Gandeng Kamboja, Cina Perkuat Posisi di Asia Tenggara?
3 Juni 2024Hari Kamis (30/5) ini, Cina dan Kamboja merampungkan latihan militer gabungan selama 15 hari yang melibatkan 2.000 personel di darat dan laut.
Kegiatan tahunan yang dibaiat dengan nama "Golden Dragon" atau naga emas itu digelar setelah Cina membantu modernisasi militer Kamboja, termasuk pembangunan fasilitas tambahan di pangkalan laut Ream di Teluk Thailand dan sejumlah sistem persenjataan baru.
Panglima militer Kamboja, Jendral Vong Pisen, secara terbuka berterima kasih kepada Cina dalam upacara pembukaan latihan di barat daya ibu kota Phnom Penh itu pada 16 Mei.
Ayo berlangganan gratis newsletter mingguan Wednesday Bite.
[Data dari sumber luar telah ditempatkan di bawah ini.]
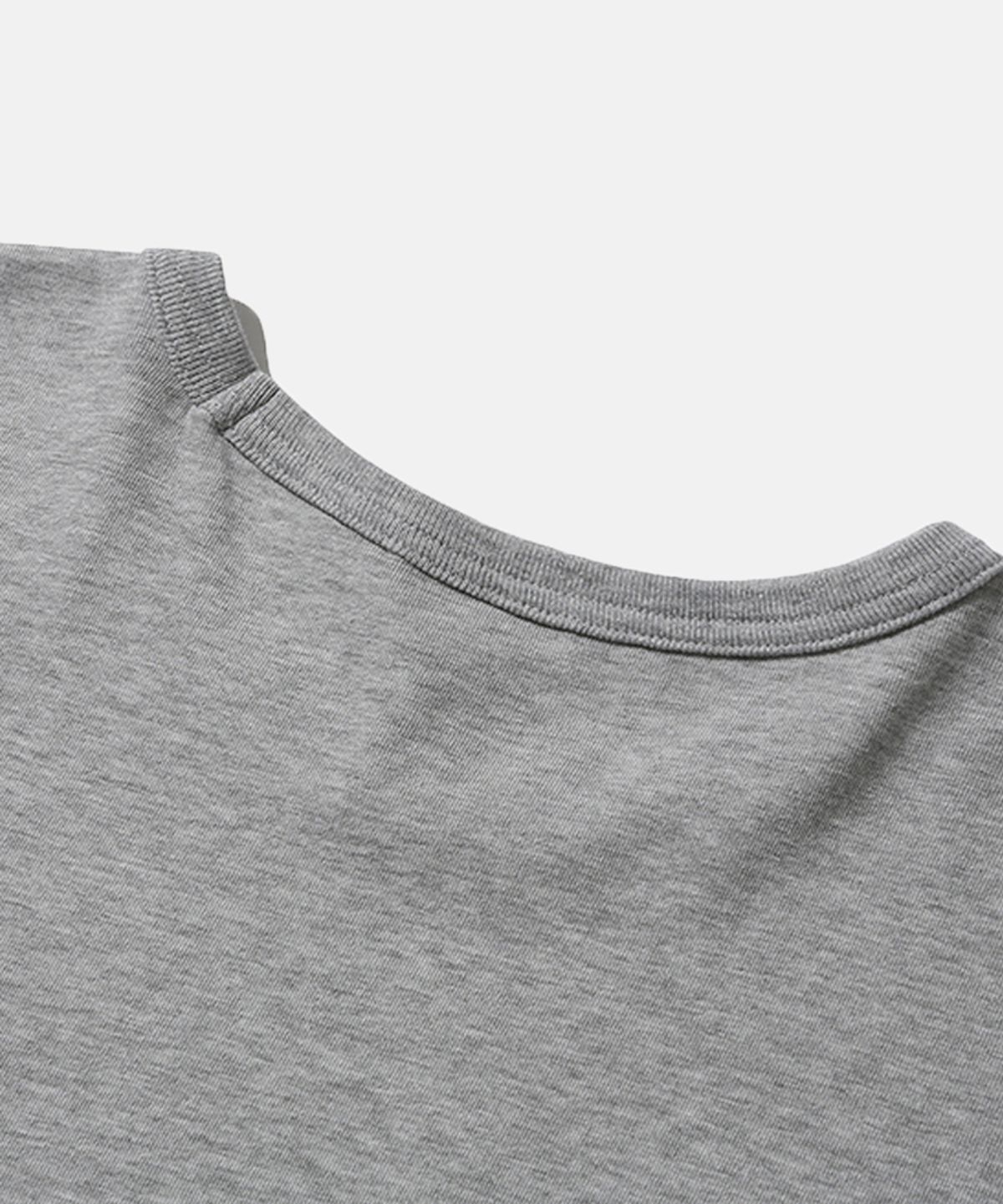 모이프(MOIF) [SS26] ACROSTIC POEM H/S TEE / HEATHER GRAY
Recharge pengetahuanmu di tengah minggu, biar topik obrolan makin seru!
Mark S. Cogan, Guru Besar Studi Perdamaian dan Konflik di Universitas Kansai Gaidai, Jepang, mengatakan kepada DW bahwa latihan tersebut "memperkuat gagasan yang sudah ada tentang meluasnya pengaruh Cina, khususnya dalam isu keamanan.”
Latihan militer Golden Dragon mencerminkan eratnya keterikatan Kamboja dengan Cina. Kemeseraan tersebut sekaligus menyudahi hubungan strategis dengan Amerika Serikat.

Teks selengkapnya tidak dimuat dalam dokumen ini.